The road haulage industry is, on the other hand,
to an increasing degree exposed to Europe-wide
competition and can hardly carry more expenses
than their competitors in other EU countries.
This is the new European reality which to some
degree can embitter the French unions' joy. This
is also the reason why the French government
took over most of the costs of the unions'
achievements.
More
than anything this calls for a harmonisation of
working conditions across Europe, although a
harmonisation upwards rather than downwards,
which will be the result if the policy of free
market forces and social dumping are to be
continued. The problem is that the trade union
movement is not yet developed to a level where
it can take joint action at a European level.

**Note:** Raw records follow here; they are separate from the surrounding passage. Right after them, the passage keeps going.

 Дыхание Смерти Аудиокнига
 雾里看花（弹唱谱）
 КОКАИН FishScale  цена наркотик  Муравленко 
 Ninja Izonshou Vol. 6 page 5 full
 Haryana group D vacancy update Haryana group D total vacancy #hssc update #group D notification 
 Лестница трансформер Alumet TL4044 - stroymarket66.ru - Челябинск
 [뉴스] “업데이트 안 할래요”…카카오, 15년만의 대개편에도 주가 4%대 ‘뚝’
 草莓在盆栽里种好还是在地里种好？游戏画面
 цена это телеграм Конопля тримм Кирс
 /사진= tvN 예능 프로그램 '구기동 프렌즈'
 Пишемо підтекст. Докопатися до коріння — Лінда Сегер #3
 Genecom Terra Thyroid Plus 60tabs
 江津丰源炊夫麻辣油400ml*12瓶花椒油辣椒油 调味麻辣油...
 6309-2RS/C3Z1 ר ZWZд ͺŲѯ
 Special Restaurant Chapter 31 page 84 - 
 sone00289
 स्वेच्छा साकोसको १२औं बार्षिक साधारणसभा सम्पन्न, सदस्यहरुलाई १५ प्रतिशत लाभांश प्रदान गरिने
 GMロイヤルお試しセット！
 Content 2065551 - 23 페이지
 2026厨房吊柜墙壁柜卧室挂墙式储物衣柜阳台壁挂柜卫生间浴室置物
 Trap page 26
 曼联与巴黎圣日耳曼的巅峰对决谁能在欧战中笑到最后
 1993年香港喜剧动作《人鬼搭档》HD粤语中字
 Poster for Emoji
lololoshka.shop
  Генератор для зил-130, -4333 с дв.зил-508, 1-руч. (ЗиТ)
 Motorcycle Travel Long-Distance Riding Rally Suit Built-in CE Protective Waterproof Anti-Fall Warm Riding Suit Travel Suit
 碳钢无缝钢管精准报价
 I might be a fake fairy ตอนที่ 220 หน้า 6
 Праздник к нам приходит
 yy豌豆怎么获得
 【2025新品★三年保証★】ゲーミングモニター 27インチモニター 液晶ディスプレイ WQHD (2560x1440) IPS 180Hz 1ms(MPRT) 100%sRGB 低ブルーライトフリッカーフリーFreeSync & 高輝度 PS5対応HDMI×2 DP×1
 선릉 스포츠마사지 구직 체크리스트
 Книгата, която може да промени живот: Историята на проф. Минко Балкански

The necessity of co-ordinated international
action cannot, after all, be imposed on trade
unions from above, it must grow up from below
and be based on real experiences. This problem
does not, in other words, take any of the shine
out of the impressive demonstration of strength
by the French truck drivers. It emphasises,
however, that huge problems still lay ahead. In
dealing with these problems, the inspiration and
encouragement of the French truck drivers'
strike will prove to be an important asset and
inspiration for the European trade union
movement.
Time
to learn French
The French workers and trade unions have
impressed and encouraged workers all over the
world by their committed actions over the last
years, and - of course - frightened some. First,
in 1995, by proving that it was possible to make
the government back off, to resist the effects
of commercial globalisation and to stop the
liberal offensive in its tracks. The struggle
outlined a possible alternative to the
dictatorship of financial markets and the reign
of inhuman competition. Then, in November 1996,
by staging an offensive fight among private
sector workers in a harsh economic environment
and a general defensive situation. The French
have truly moved against the tide. It would,
however, be too optimistic to proclaim that the
tide has turned for the trade union movement in
Europe, although the French actions have made a
difference.
This
difference was also emphasised by the British
Prime Minister, John Major, when, in an
interview with the British newspaper The
Guardian (28.11.96), he commented on the French
strike as follows: "I am delighted to say
the days of strikes like that in this country
have long since gone. They occur elsewhere but
not here. It's part of what gives this country
its competitive edge these days." Or to put
it more bluntly in the wording of a columnist of
the same newspaper: "While British union
leaders meekly hope that management may be
brought to the table, French union leaders bring
them to their knees." (30.11.96)
When
German metal workers rallied against their
government and the metal employers' association
in the beginning of October last year, they
carried a banner with the following text:
"Kohl/Strumpfe: Wir lernen Französisch"
(Kohl/Strumpfe[names of the Prime Minister and
the leader of the metal employers association]:
We are studying French) as a clear hint to what
they could embark upon if the employers
continued to pursue their aim of cutting sick
pay. Maybe the time is now for all of us to
learn more French - in this context the language
of the street, so to speak.
(Article
in South African Labour Bulletin, Volume 21, No
1 February 1997.)
Member states of the European Union wanting
to take part in the agreed economic and
monetary union as from 1999 will have to
fulfil the so-called Maastricht criteria (named
after the Dutch city in which the agreement
was signed):
* Government net borrowing at a maximum of
3% of GDP.
* Government gross debt at a maximum of 60%
of GDP.
* Inflation not higher than 1.5% above the
average of the 3 lowest inflation rates.